In a significant development, the U.S. Securities and Exchange Commission (SEC) has taken swift action, imposing a temporary suspension on the trading of Tingo Group’s shares.
The Nasdaq-listed company, known for its provision of financial and agriculture tech services in Africa, the Middle East, and Southeast Asia, finds itself in the spotlight as the SEC deems it an “obvious scam.”
According to techpoint.africa, Tingo came to the limelight in February 2022 when Bloomberg reported that the company wanted to raise $500 million, valued at $6.3 billion. In a report, the US-based investment research firm Hindenburg Research accused Tingo Group CEO, “Dozy” Mmobuosi, of repeatedly fabricating company records and financial statements.

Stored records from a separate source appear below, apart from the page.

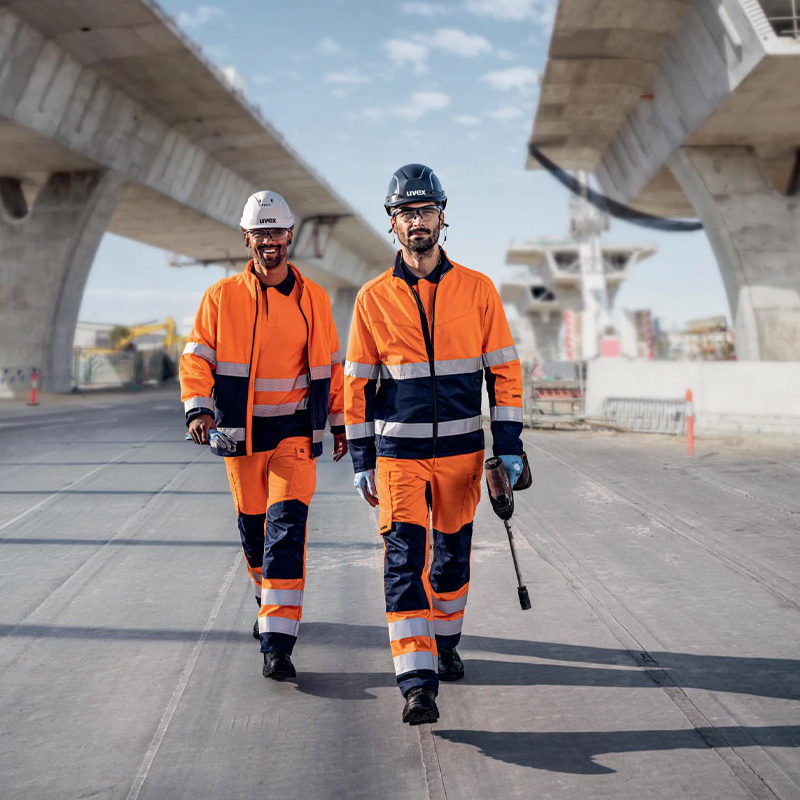 Jacheta reflectorizanta portocalie de lucru Uvex suXXeed Construction, marime XS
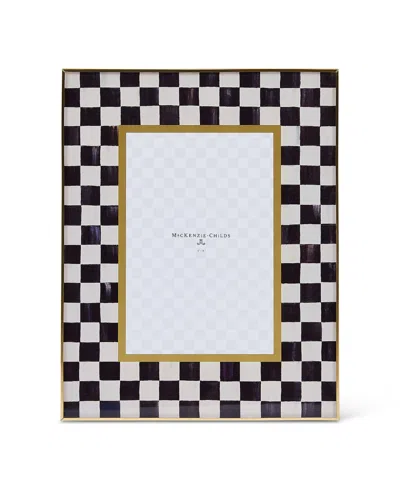 Mackenzie-childs Courtly Check 4" X 6" Glass Frame In Black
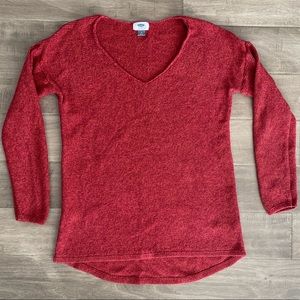Medium red cable knit v neck sweater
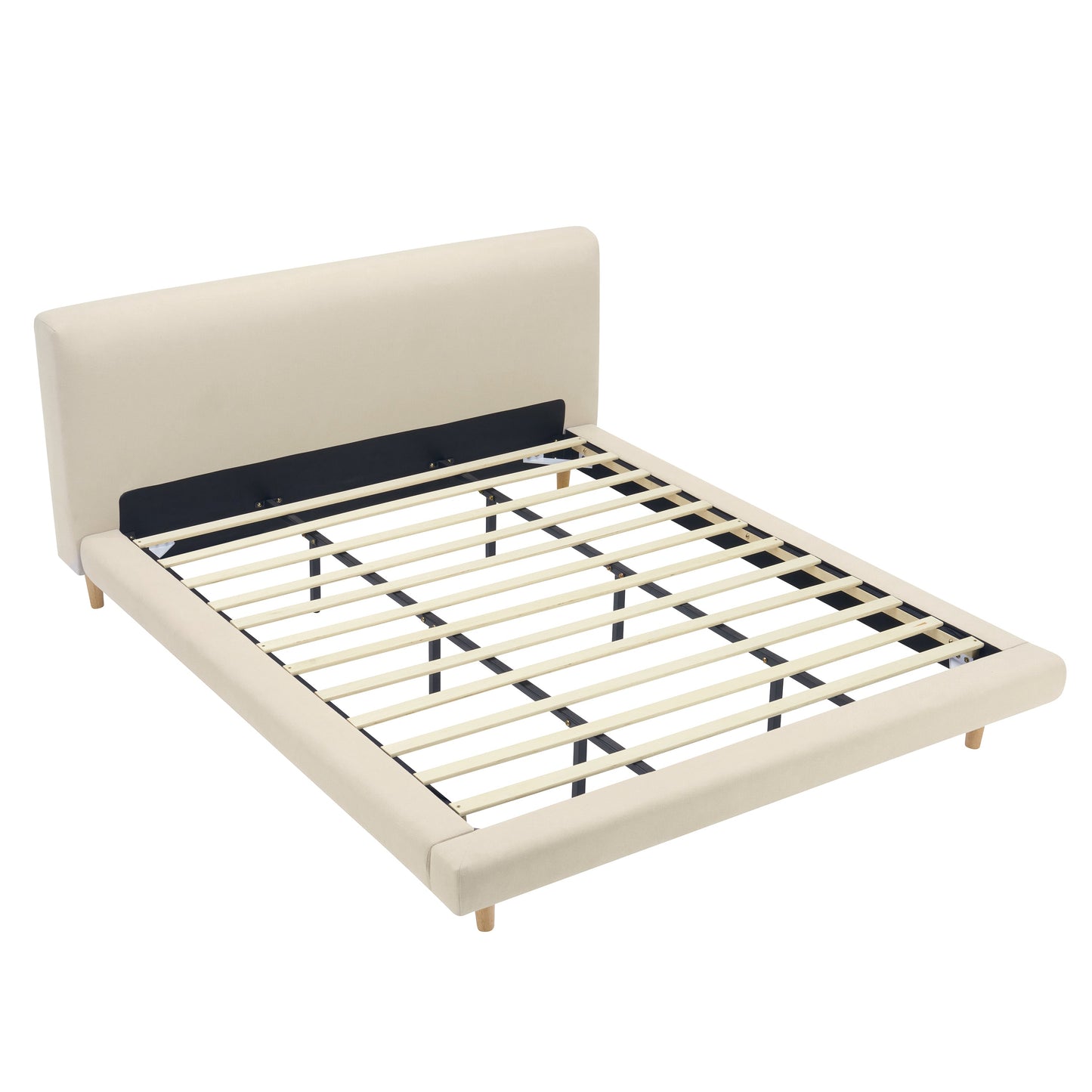 Beige Chunky Headboard Bed Frame, Solid Rubberwood Legs, Cal-King
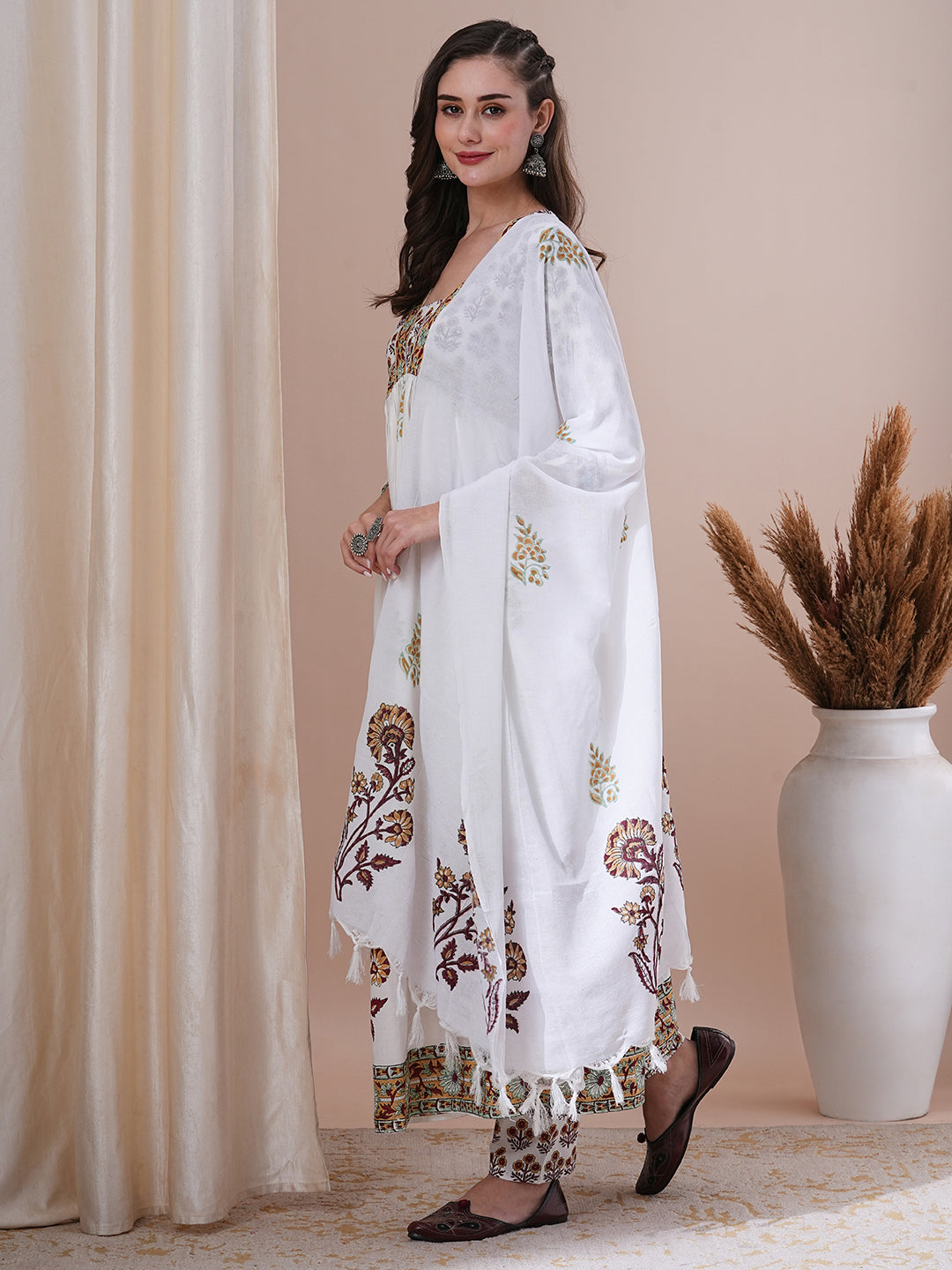 Ethnic Floral Block Printed A-Line Pleated Kurta with Pant and Printed Dupatta - White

The research firm dubbed the company an “obvious scam” and questioned the accuracy of its numbers. Tingo disputed the charges and answered by releasing what it describes as “profitable” third-quarter performance figures.
The charges against Tingo Group were extensive and depicted dishonest business practices in several industries, subjecting its integrity to intense scrutiny due to several issues.
These issues include falsified financial documents, questionable partnerships, and unsupported claims regarding product offerings. What now? The SEC, which expressed concerns about the accuracy and sufficiency of Tingo Group’s publicly accessible information, advised brokers and anyone interested in Tingo to “carefully consider” the action it has taken and “any information subsequently issued by the company.”
It added that the temporary suspension, which also affects Agri-Fintech Holdings, a company associated with the Tingo brand, will end on November 28 due to a lack of “adequate and accurate” information.